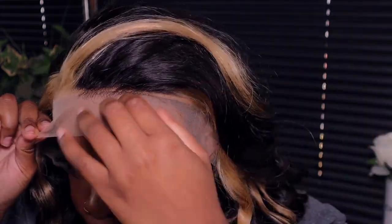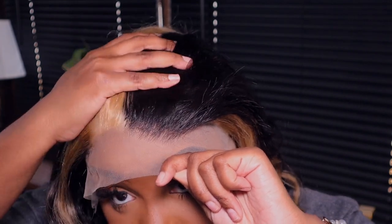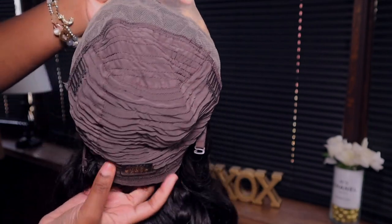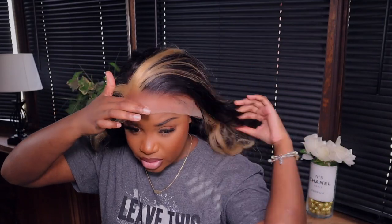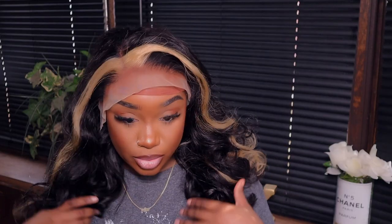So this is basically like the famous skunk stripe trend that has been going on within the hair community. I really love that companies are now taking their time to create these units so we don't have to go home and do it by hand. I already went in and plucked it just a little bit — I might have kind of over-plucked it. I'm just going to try the ball cap method since I haven't done it in a long time. With these you have to make sure they're super flat, and my hair is dirty.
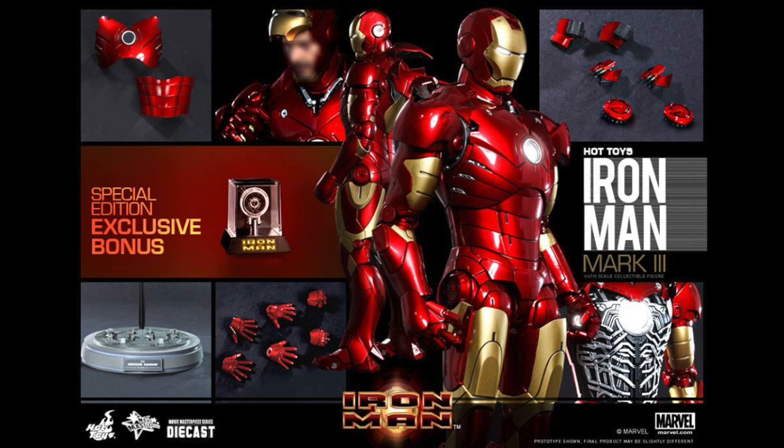Cannot wait for this. You can pre-order this right now for $309.99. I know that's a lot of money, but considering this is mostly die-cast and you're getting so many great features, I think this is a must-have. The Mark III is one of the most popular armors, and this is the armor that started it all. Even though they had the Mark I and II, this is the most recognizable — this is what started Iron Man.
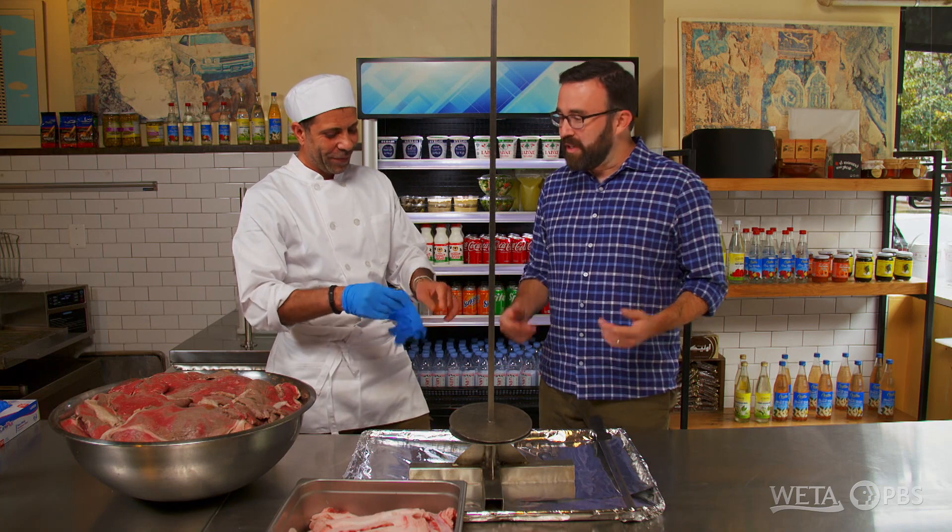We are making our beef shawarma, which is our signature dish. Shawarma — we're looking at what's going to be a tower of meat here. I've never actually seen how these towers get built. So how do you even get started?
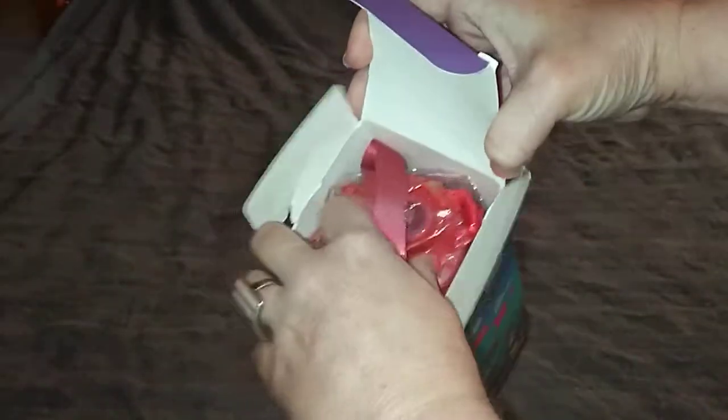Here's this side. Okay, let's open it. First it comes in the plastic, which is nice, and then it comes with this little brochure.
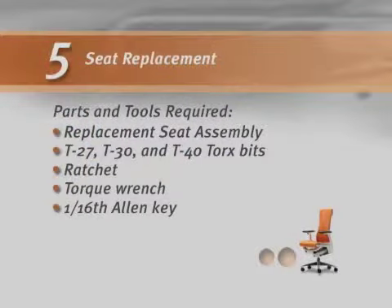You will need the following parts and tools to complete this procedure: Replacement Seat Assembly, T27, T30 and T40 Torx Bits, Ratchet, Torque Wrench, and a 1/16th inch allen key.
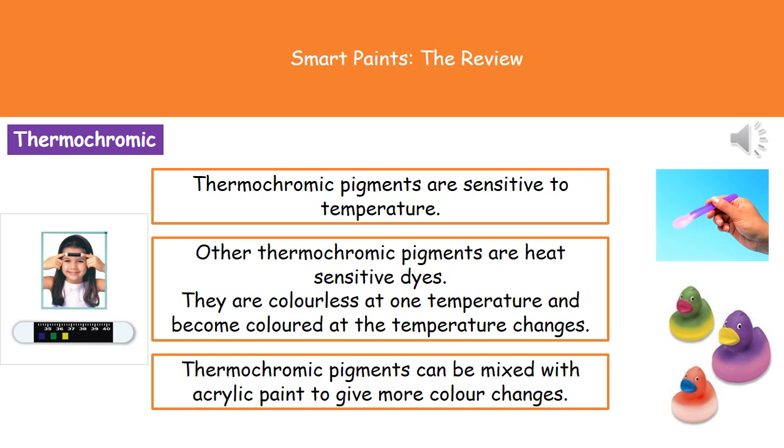Welcome to our review on smart paints. The first type of smart paint we're going to consider are the thermochromic paints.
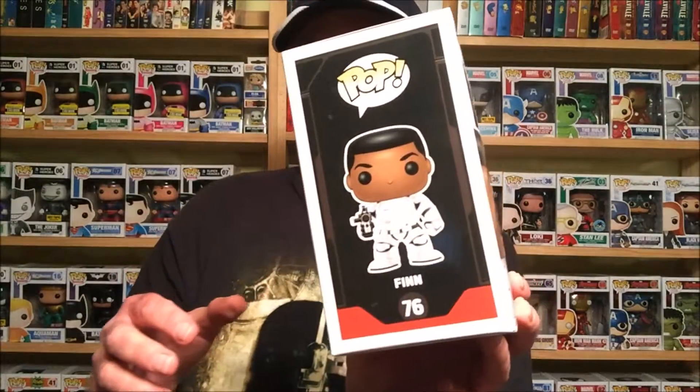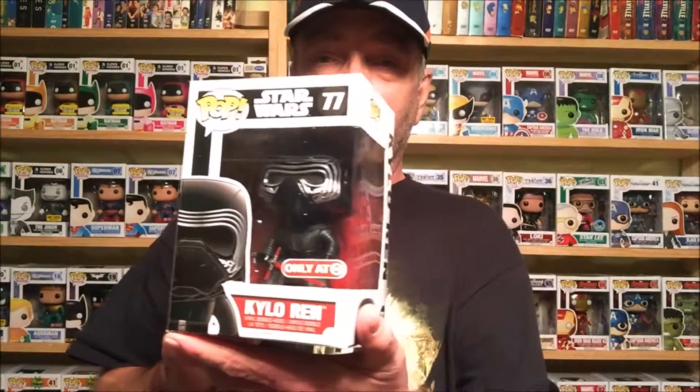The next one I got on Star Wars Day — I still don't know how September 4th was Star Wars Day, someone leave a comment and let me know. But this one is the GameStop exclusive Finn in the stormtrooper outfit with no mask on — great looking figure. The next one was also kind of hard to find: the unhooded Kylo Ren. You can get a good picture of him there. I can't wait to see the movie, I'm so excited.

+ + + + + + +

Write out exactly the run of lines above that starts at the line containing "We are making" and ends at the line containing "You will need". Include both, and leave the pictures out.

[Answer section]:
We are making our beef shawarma, which is our signature dish. Shawarma — we're looking at what's going to be a tower of meat here. I've never actually seen how these towers get built. So how do you even get started?
Here's this side. Okay, let's open it. First it comes in the plastic, which is nice, and then it comes with this little brochure.
You will need the following parts and tools to complete this procedure: Replacement Seat Assembly, T27, T30 and T40 Torx Bits, Ratchet, Torque Wrench, and a 1/16th inch allen key.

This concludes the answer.